EU border control agency Frontex says migrant smuggling -- along with other aspects of human trafficking -- has surpassed the weapons and drugs trades as a money earner for organized crime. (file photo)

EU border control agency Frontex says migrant smuggling -- along with other aspects of human trafficking -- has surpassed the weapons and drugs trades as a money earner for organized crime. (file photo)

A year and a half ago, Abdullah left his home in Afghanistan to settle in Germany.

It was his third attempt. He had previously spent four years in Greece, but his pay was so miserable that he regretted his decision and returned home. On his second effort, he managed to get only as far as Turkey, where he was detained and deported after spending a year and a half in jail.

But Abdullah, whose name has been changed in this story to protect his identity, complains that he couldn't live long in his own country. He owed hundreds of thousands of afghanis to relatives and friends who wanted their money back, and he grew restless with little prospect of turning his life around.

"Whenever I went to my village, I couldn't leave home," he says.

Jobless and still itching to get away, Abdullah somehow convinced friends to lend him money once again and he paid $6,000 to a local smuggler in Afghanistan.

This time, he says, he traveled risky routes through Iran to Turkey for two months, then evaded Turkish police and eventually reached Bulgaria. He rented a shared room with friends in Sofia, living illegally in the Bulgarian capital and working at a friend's Internet cafe.

There, Abdullah found himself advising other asylum seekers on how to avoid police and reach their final European destination. But armed with local knowledge and extensive contacts, he quickly realized he could cash in on his savvy and turn his free advice into a lucrative business: trafficking.

Abdullah prefers to characterize it as helping fellow asylum seekers for money, and he goes to pains to reconcile the work with his conscience.

"We tell people that there could be a shortage of food and water. There could be police arrest. There could even be death."

He says he "sometimes" helps migrants who don't have the money, "just for God's sake."

Abdullah also contrasts himself with "smugglers who squeeze too many people in one car," adding, "You heard what happened to those 71 [people] in that truck."

It is a reference to the macabre discovery last month of the decomposing corpses of migrants in an abandoned semitrailer on the shoulder of an Austrian highway. Preliminary indications suggested the victims -- men, women, and children thought to have been Syrians, Afghans, and Iraqis -- had suffocated to death.
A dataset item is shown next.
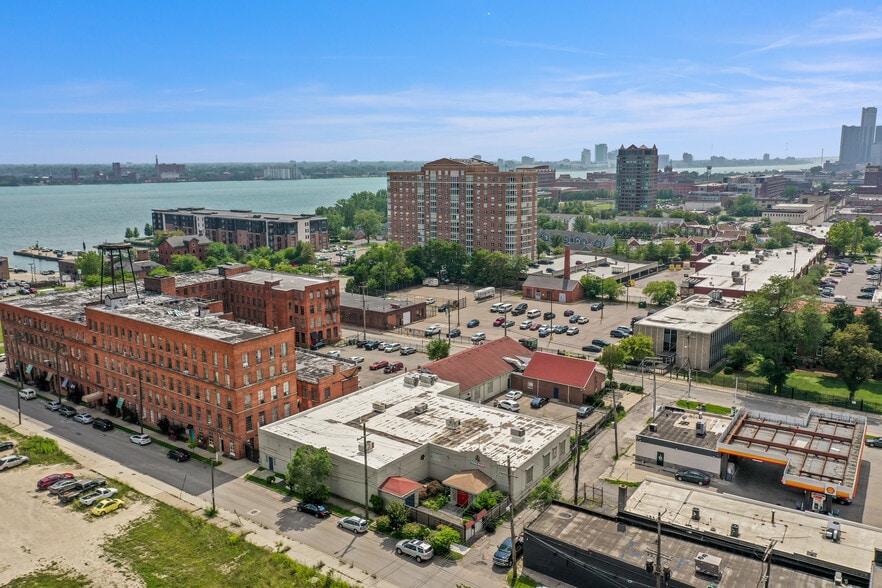 275 Iron St, Detroit, MI à vendre - Photo du bâtiment - Image 2 de 5
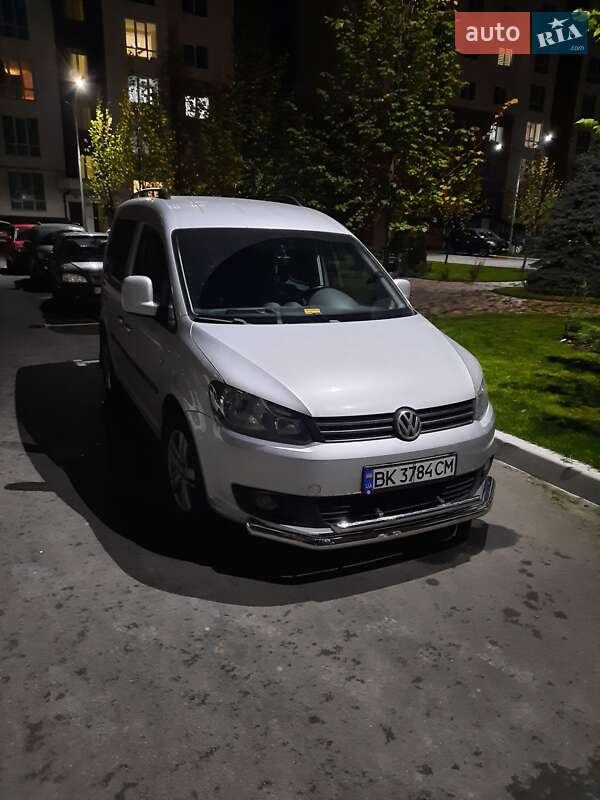 Мінівен Volkswagen Caddy 2013 в Івано-Франківську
An Afghan and five Bulgarians have so far been arrested on suspicion of involvement.

The Austrian incident provided one of the signal moments in the migrant crisis that is currently racking Europe and exposing chinks in the notion of a European Union without internal borders.

It also highlighted the power of individuals profiting from the shadowy business of trafficking in migrants, reshaping (or taking) the lives of outsiders seeking refuge within the peaceful and prosperous borders of Europe.

INFOGRAPHIC: A Smuggler's Route (Click To Enlarge)

"I take people up to Serbia and beyond," Abdullah says, in a reference to one of the many Balkan routes into Europe. "Actually, there are other people up there who smuggle people forward. Our responsibility is up to Serbia."

He says migrants are charged between 400 and 500 euros ($450 to $565) to get themselves smuggled from Bulgaria's border with Turkey to its border with Serbia, a distance of between 300 and 400 kilometers. Mostly they are ushered into travel groups of 10 to 15 people.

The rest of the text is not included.